§ DATA SHOWN:
--

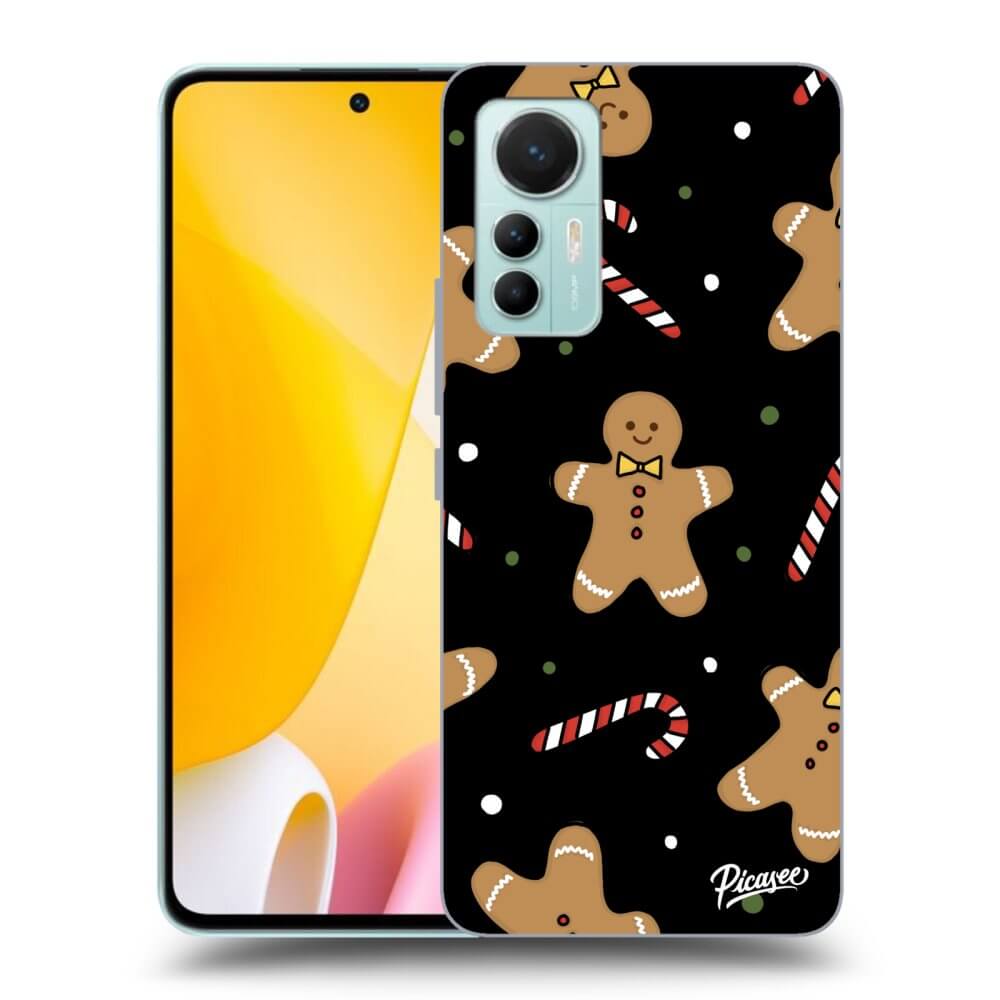 Picasee husă neagră din silicon pentru Xiaomi 12 Lite - Gingerbread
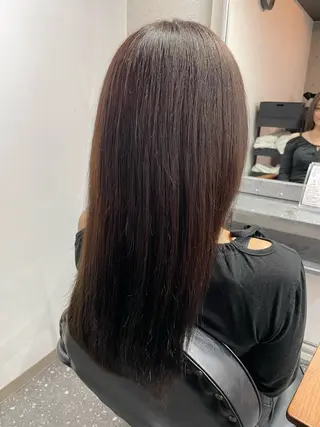 セミロング 半個室サロンyoures hair 髪質改善トリートメント東新宿店所属・榊原竜弥 髪質改善/美髪作りのヘアスタイル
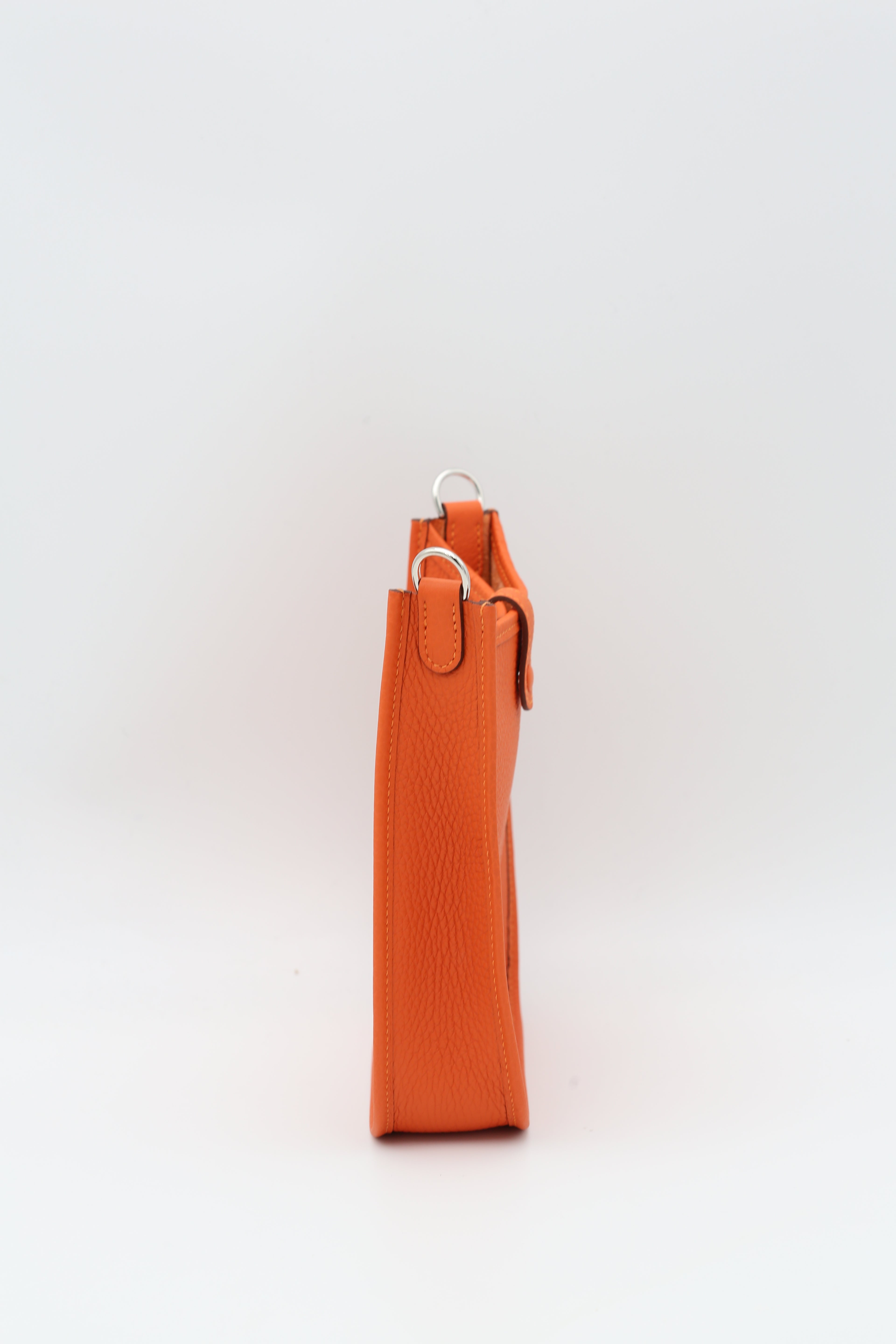 HERMÈS EVELYN16 ORANGE TAURILLON CLEMENCE G STAMP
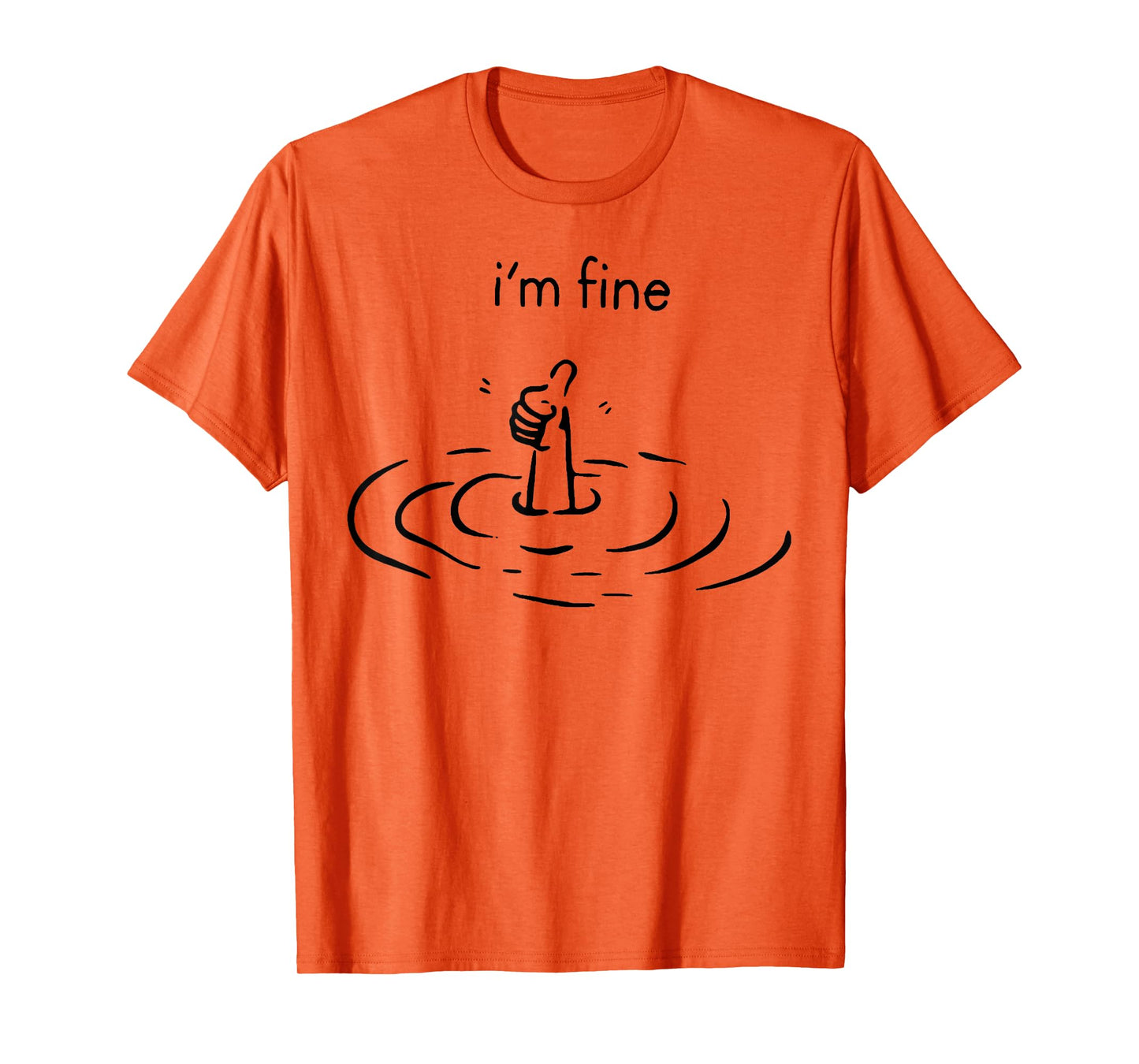 women's i'm fine print T-Shirt, Women's, Grey, Small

--

§ EXERCISE DIRECTIONS: Take the listing above and restate it word for word, without its pictures.

§ RESPONSE TO THE TASK:
 Picasee husă neagră din silicon pentru Xiaomi 12 Lite - Gingerbread
 セミロング 半個室サロンyoures hair 髪質改善トリートメント東新宿店所属・榊原竜弥 髪質改善/美髪作りのヘアスタイル
 HERMÈS EVELYN16 ORANGE TAURILLON CLEMENCE G STAMP
 women's i'm fine print T-Shirt, Women's, Grey, Small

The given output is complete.